What the task asks ->
The response should be the lines of the data, starting at the first and ending at the one that contains "Signature Emblem Stud", copied without change.
Start of The records
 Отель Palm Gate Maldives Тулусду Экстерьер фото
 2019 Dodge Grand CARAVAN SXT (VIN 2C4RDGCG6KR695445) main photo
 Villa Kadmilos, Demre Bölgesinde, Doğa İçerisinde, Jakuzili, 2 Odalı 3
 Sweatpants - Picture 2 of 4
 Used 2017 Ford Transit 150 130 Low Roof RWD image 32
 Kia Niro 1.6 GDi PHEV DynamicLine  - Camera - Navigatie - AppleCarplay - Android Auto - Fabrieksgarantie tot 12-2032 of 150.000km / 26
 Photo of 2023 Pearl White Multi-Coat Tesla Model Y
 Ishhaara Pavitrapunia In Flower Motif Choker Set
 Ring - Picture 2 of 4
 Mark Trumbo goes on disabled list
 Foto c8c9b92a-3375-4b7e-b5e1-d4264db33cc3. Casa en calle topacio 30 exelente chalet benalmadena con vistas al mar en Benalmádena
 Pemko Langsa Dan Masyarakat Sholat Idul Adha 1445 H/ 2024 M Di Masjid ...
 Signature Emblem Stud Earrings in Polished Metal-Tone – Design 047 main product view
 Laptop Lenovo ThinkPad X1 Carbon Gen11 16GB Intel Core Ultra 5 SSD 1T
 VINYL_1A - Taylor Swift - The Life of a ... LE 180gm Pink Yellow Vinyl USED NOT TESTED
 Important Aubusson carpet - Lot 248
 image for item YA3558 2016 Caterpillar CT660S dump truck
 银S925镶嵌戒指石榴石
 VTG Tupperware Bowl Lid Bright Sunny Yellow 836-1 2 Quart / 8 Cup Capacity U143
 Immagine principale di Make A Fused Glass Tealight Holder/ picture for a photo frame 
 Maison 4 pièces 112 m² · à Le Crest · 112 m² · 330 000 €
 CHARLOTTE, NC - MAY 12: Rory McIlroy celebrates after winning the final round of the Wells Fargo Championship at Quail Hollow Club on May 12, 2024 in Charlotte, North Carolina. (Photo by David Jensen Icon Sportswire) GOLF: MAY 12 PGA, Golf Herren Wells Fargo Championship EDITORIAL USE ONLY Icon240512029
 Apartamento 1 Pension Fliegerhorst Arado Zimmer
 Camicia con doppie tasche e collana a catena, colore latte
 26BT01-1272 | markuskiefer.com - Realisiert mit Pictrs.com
End of The records
Answer area ->
 Отель Palm Gate Maldives Тулусду Экстерьер фото
 2019 Dodge Grand CARAVAN SXT (VIN 2C4RDGCG6KR695445) main photo
 Villa Kadmilos, Demre Bölgesinde, Doğa İçerisinde, Jakuzili, 2 Odalı 3
 Sweatpants - Picture 2 of 4
 Used 2017 Ford Transit 150 130 Low Roof RWD image 32
 Kia Niro 1.6 GDi PHEV DynamicLine  - Camera - Navigatie - AppleCarplay - Android Auto - Fabrieksgarantie tot 12-2032 of 150.000km / 26
 Photo of 2023 Pearl White Multi-Coat Tesla Model Y
 Ishhaara Pavitrapunia In Flower Motif Choker Set
 Ring - Picture 2 of 4
 Mark Trumbo goes on disabled list
 Foto c8c9b92a-3375-4b7e-b5e1-d4264db33cc3. Casa en calle topacio 30 exelente chalet benalmadena con vistas al mar en Benalmádena
 Pemko Langsa Dan Masyarakat Sholat Idul Adha 1445 H/ 2024 M Di Masjid ...
 Signature Emblem Stud Earrings in Polished Metal-Tone – Design 047 main product view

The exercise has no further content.